* Data for the task *

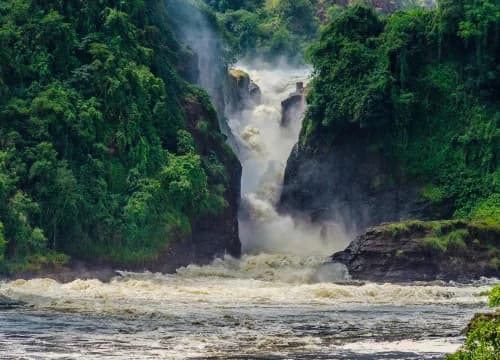 Murchison Falls, where the Nile forces through a narrow gorge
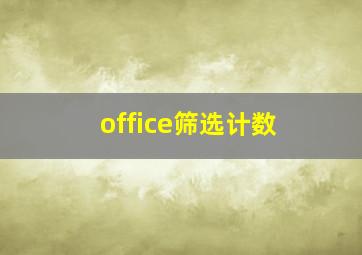 office筛选计数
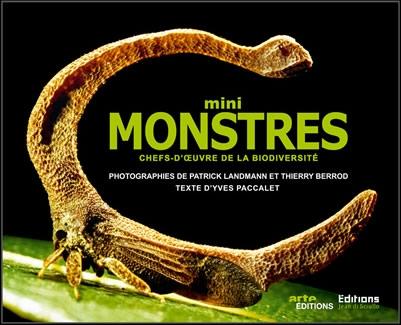 biodiversité,insectes,photographie,exposition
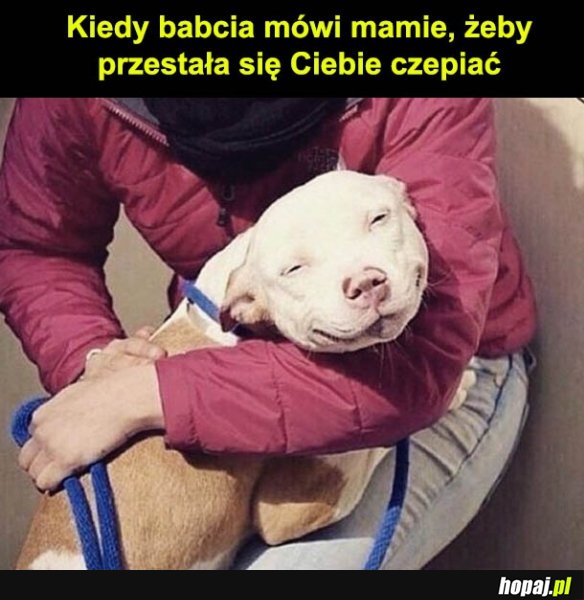 Kochana babcia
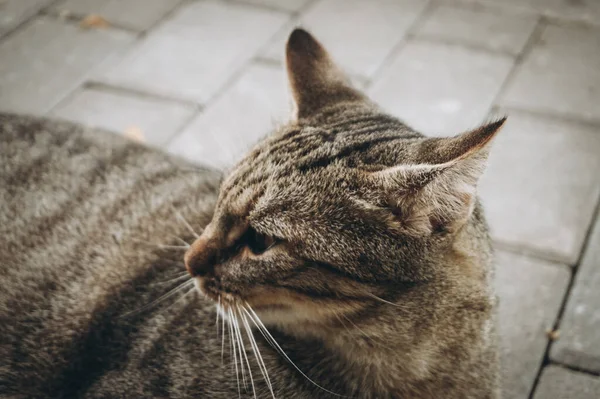 Domestic Cat Horizontal Photograph — 스톡 사진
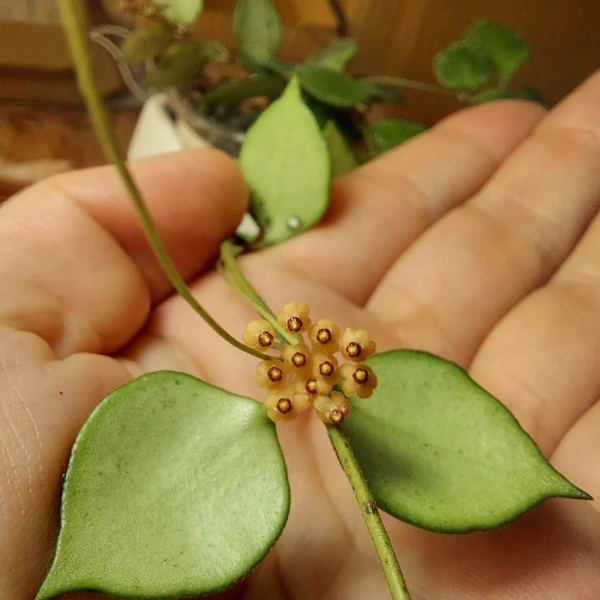 Hoya minutiflora [2]
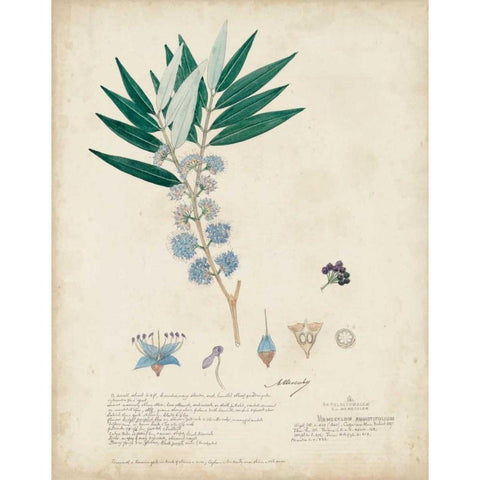Delicate Blue Descubes I White Modern Wood Framed Art Print by Descubes, A.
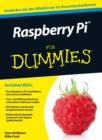 Image for Raspberry Pi Fur Dummies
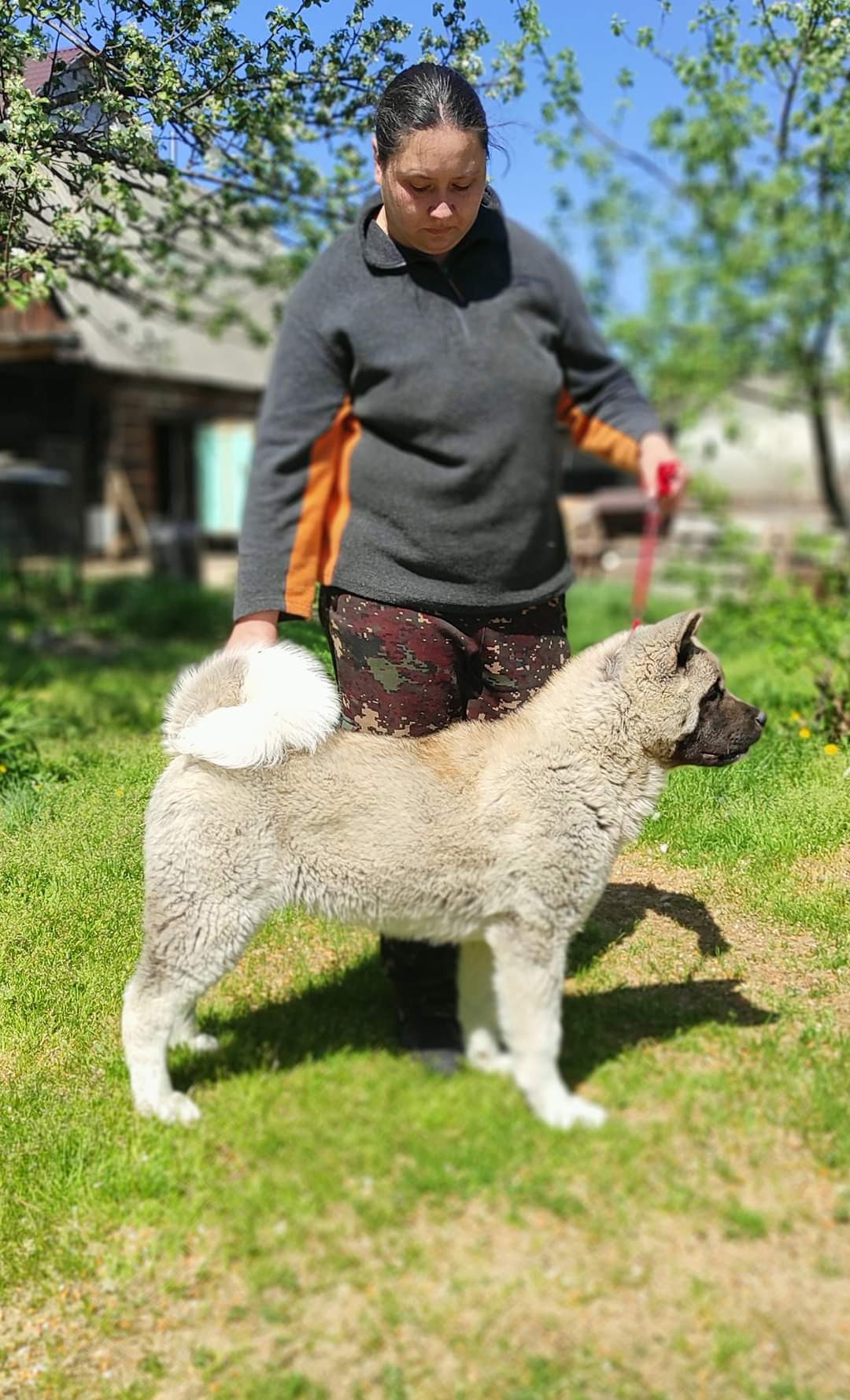 американская акита щенки купить питомник Санкт-Петербург кобель для вязок Вольф * Dilinze's Hause Orion  Wolf кобель Акита Рубилайт Rubylight питомник вязка американская акита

* Brief *
Wherever a picture appears in the listing above, drop it, and restate the rest exactly.

* Solution to the problem *
 Murchison Falls, where the Nile forces through a narrow gorge
 office筛选计数
 biodiversité,insectes,photographie,exposition
 Kochana babcia
 Domestic Cat Horizontal Photograph — 스톡 사진
 Hoya minutiflora [2]
Delicate Blue Descubes I White Modern Wood Framed Art Print by Descubes, A.
 Image for Raspberry Pi Fur Dummies
 американская акита щенки купить питомник Санкт-Петербург кобель для вязок Вольф * Dilinze's Hause Orion  Wolf кобель Акита Рубилайт Rubylight питомник вязка американская акита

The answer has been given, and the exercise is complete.